- **EXERCISE OBJECTIVE**:
Except for the pictures, retype the records that follow exactly.

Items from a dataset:
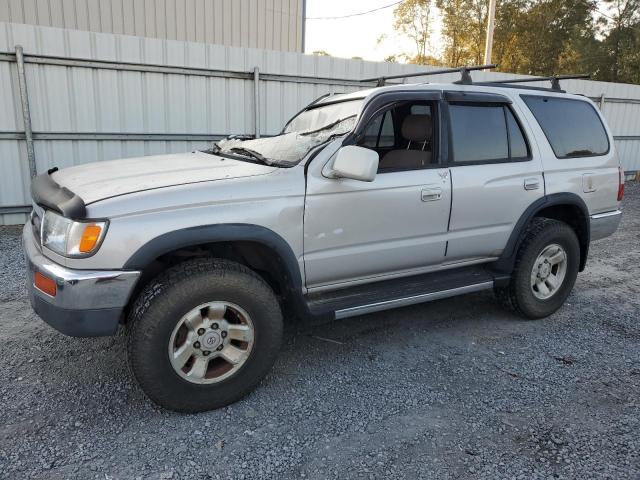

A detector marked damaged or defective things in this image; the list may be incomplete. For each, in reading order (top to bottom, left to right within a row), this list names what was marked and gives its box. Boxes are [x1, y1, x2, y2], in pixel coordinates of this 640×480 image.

cracked windshield [209, 98, 362, 165]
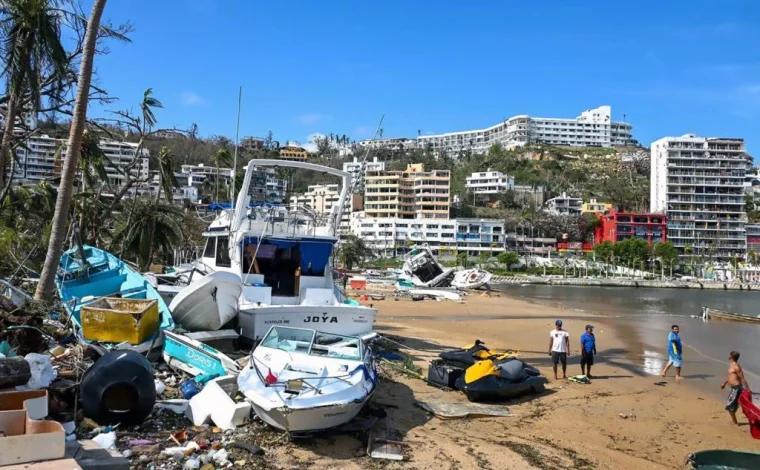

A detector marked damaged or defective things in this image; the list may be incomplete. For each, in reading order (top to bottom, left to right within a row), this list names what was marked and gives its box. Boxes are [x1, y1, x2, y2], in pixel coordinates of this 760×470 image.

damaged white boat [238, 324, 378, 432]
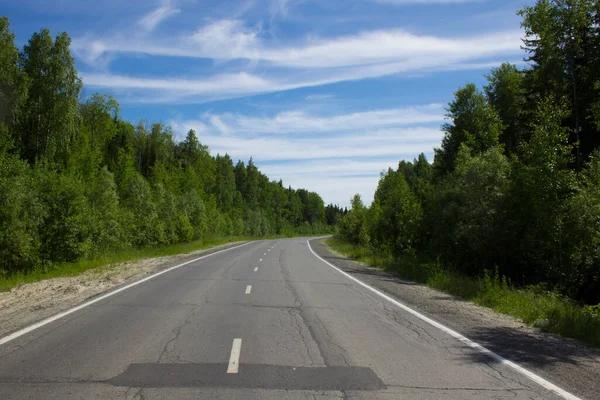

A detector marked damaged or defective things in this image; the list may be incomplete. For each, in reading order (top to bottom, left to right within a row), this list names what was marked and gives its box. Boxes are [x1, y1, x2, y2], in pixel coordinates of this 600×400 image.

dark asphalt patch [106, 362, 384, 390]
cracked asphalt [0, 239, 580, 398]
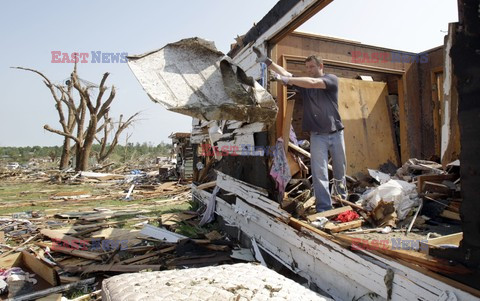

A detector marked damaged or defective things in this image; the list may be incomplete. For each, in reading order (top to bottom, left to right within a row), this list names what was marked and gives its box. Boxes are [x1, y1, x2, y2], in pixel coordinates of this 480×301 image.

damaged structure [127, 1, 480, 298]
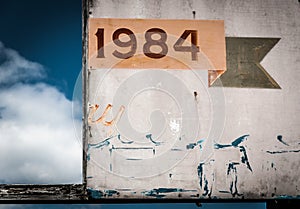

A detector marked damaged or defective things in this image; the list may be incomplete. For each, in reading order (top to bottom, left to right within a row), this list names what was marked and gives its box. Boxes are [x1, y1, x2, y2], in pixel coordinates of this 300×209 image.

rusty orange sign panel [88, 18, 226, 85]
corroded metal strip [212, 37, 280, 88]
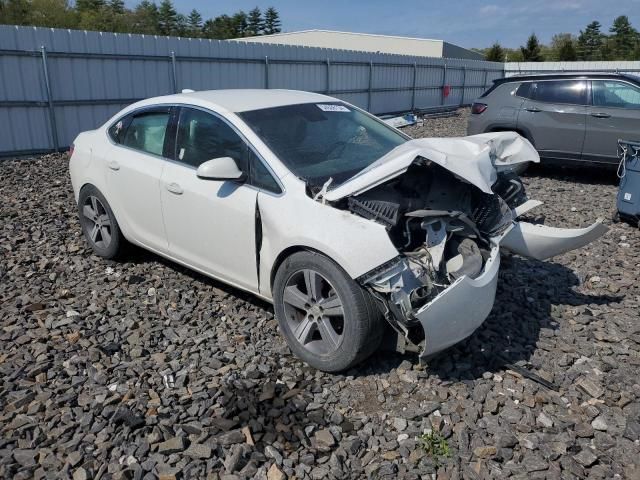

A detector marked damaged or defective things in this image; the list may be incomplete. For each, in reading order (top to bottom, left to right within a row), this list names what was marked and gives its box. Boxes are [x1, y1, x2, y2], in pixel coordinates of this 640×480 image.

crumpled hood [324, 130, 540, 202]
damaged white car [70, 91, 608, 376]
detached bumper cover [416, 246, 500, 358]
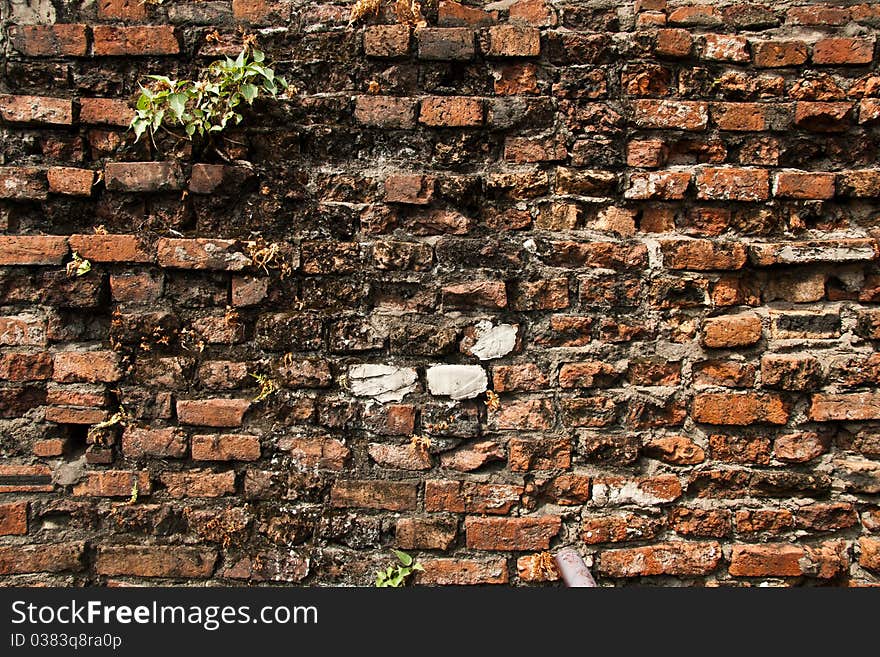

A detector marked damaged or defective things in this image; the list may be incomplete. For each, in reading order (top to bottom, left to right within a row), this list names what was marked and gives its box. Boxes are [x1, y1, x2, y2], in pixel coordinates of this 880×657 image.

rusty metal pipe [556, 544, 600, 588]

- **SOLUTION TO THE EXERCISE**:
A detector marked damaged or defective things in this image; the list may be incomplete. For each, in reading order (top to bottom, left to right within a row), this list names what was marked and gives its box. Boxes are [x1, y1, x2, y2], in pixel coordinates of this 640×480 image.

cracked windshield [209, 98, 362, 165]

A detector marked damaged or defective things in this image; the list may be incomplete. For each, in reading order (top to bottom, left to right within a row), this list names what was marked and gives its box. Boxes are [x1, y1, x2, y2], in pixel coordinates of this 760×470 image.

damaged white boat [238, 324, 378, 432]

A detector marked damaged or defective things in this image; the list may be incomplete. For each, in reading order (top to bottom, left to right within a row), this list names what was marked and gives its box. Boxes are [x1, y1, x2, y2], in pixel coordinates of this 600×400 image.

dark asphalt patch [106, 362, 384, 390]
cracked asphalt [0, 239, 580, 398]

A detector marked damaged or defective things in this image; the list may be incomplete. For each, in reading order (top to bottom, left to right within a row), this list names what was marked and gives its box. Boxes are [x1, y1, x2, y2], in pixel coordinates of this 480×301 image.

damaged structure [127, 1, 480, 298]

A detector marked damaged or defective things in this image; the list may be incomplete. For each, in reading order (top to bottom, left to right within a row), this list names what was marked and gives its box. Boxes are [x1, y1, x2, y2], in pixel coordinates of this 300×209 image.

rusty orange sign panel [88, 18, 226, 85]
corroded metal strip [212, 37, 280, 88]

A detector marked damaged or defective things in this image; the list may be incomplete. For each, in reading order (top to bottom, left to right within a row), this list names what was marked and gives its box. Boxes are [x1, y1, x2, y2], in pixel coordinates of this 640×480 image.

crumpled hood [324, 130, 540, 202]
damaged white car [70, 91, 608, 376]
detached bumper cover [416, 246, 500, 358]

A detector marked damaged or defective things in this image; the list may be incomplete. For each, in reading order (top to bottom, left to right within a row), this list names what was marked and gives its box. Boxes are [x1, y1, x2, y2], in pixel coordinates of this 880×657 image.

rusty metal pipe [556, 544, 600, 588]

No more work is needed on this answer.